=== Exercise directions ===
Repeat, exactly and in full, the lines of the listing below, but without any pictures.

=== Supplied material ===
━━━━
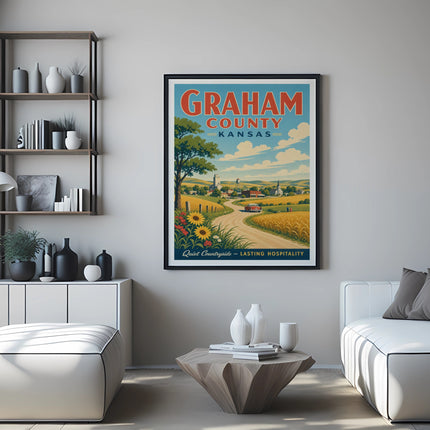 Vintage poster of Graham County, Kansas, with a rural landscape and text.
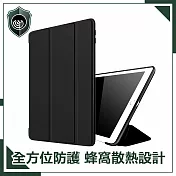 【穿山盾】2021 iPad 9 10.2吋蜂窩散熱三折保護殼套 黑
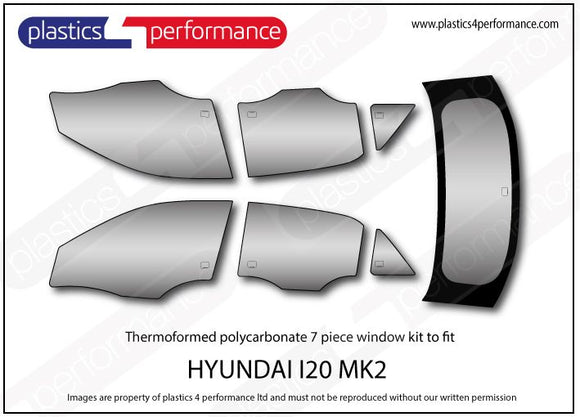 i20 MK2 GB - 5dr Hatchback ポリカーボネート ウインドウキット｜Hyundai i20 MK2 GB - 5dr Hatchback 写真1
━━━━
=== Answer to this exercise ===
 Vintage poster of Graham County, Kansas, with a rural landscape and text.
 【穿山盾】2021 iPad 9 10.2吋蜂窩散熱三折保護殼套 黑
 i20 MK2 GB - 5dr Hatchback ポリカーボネート ウインドウキット｜Hyundai i20 MK2 GB - 5dr Hatchback 写真1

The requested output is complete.